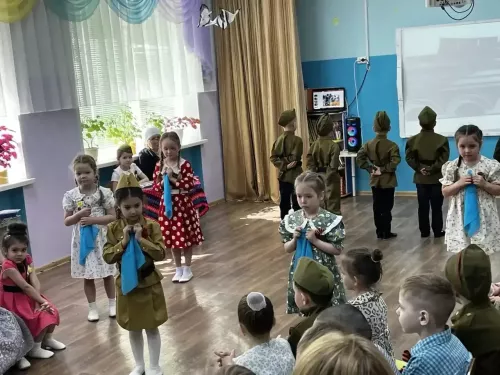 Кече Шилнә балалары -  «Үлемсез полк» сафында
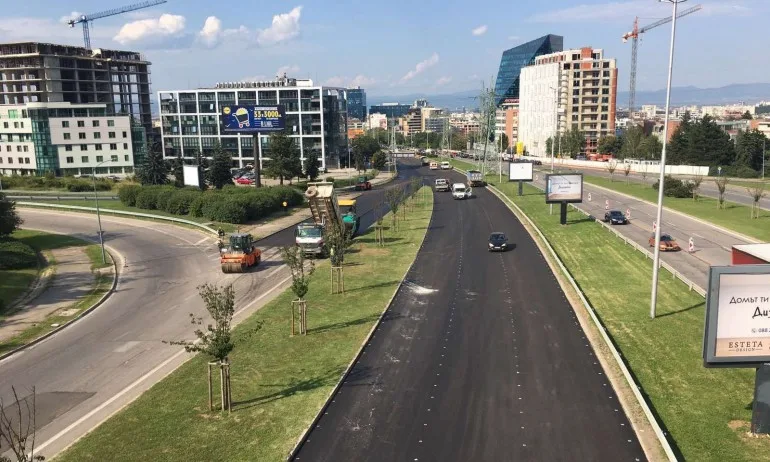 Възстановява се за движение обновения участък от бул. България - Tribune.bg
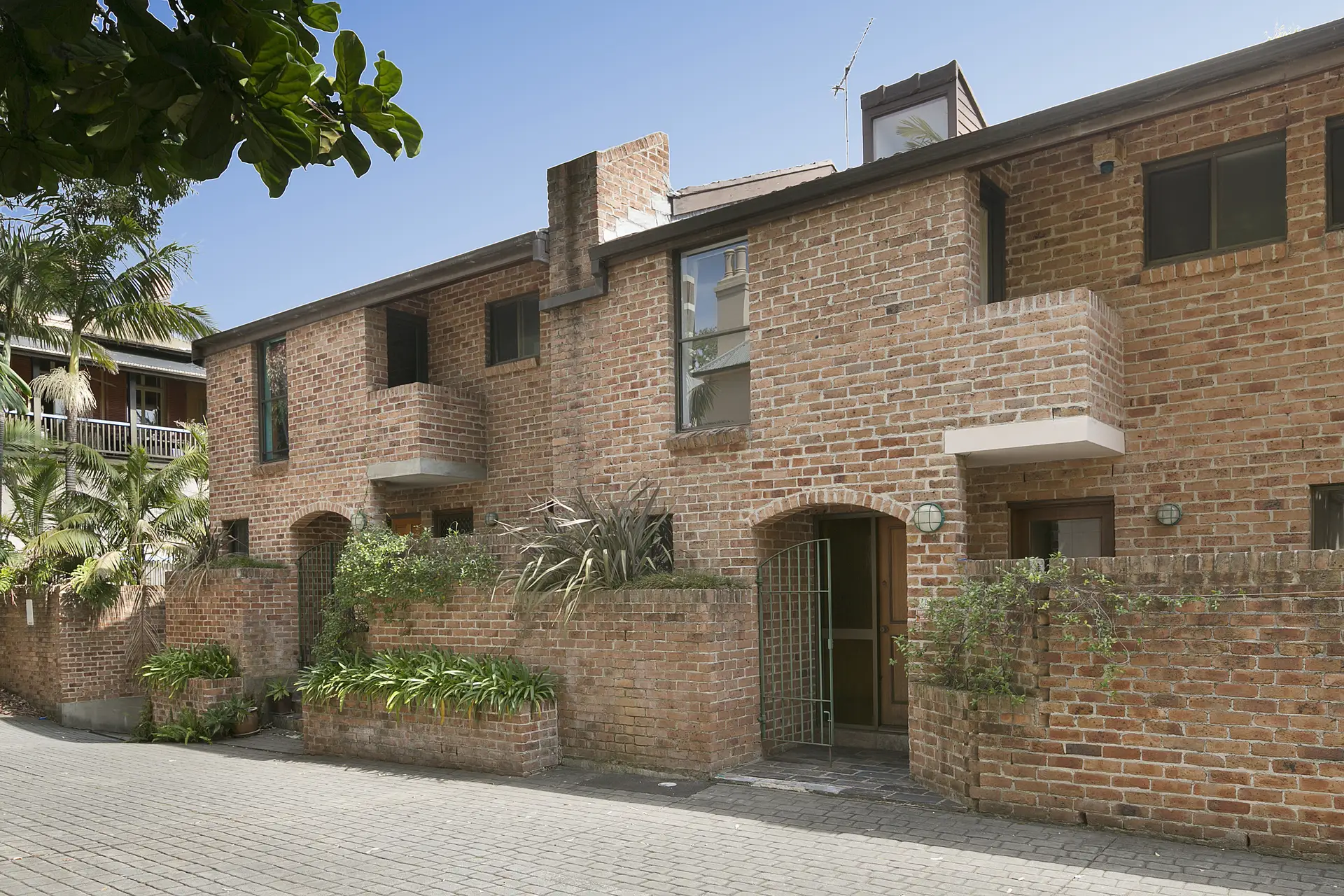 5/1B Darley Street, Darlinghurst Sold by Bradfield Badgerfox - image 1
________________
▸ Task description
Any picture in the material is to be dropped; the rest is repeated exactly.

▸ Output for this exercise
 Кече Шилнә балалары -  «Үлемсез полк» сафында
 Възстановява се за движение обновения участък от бул. България - Tribune.bg
 5/1B Darley Street, Darlinghurst Sold by Bradfield Badgerfox - image 1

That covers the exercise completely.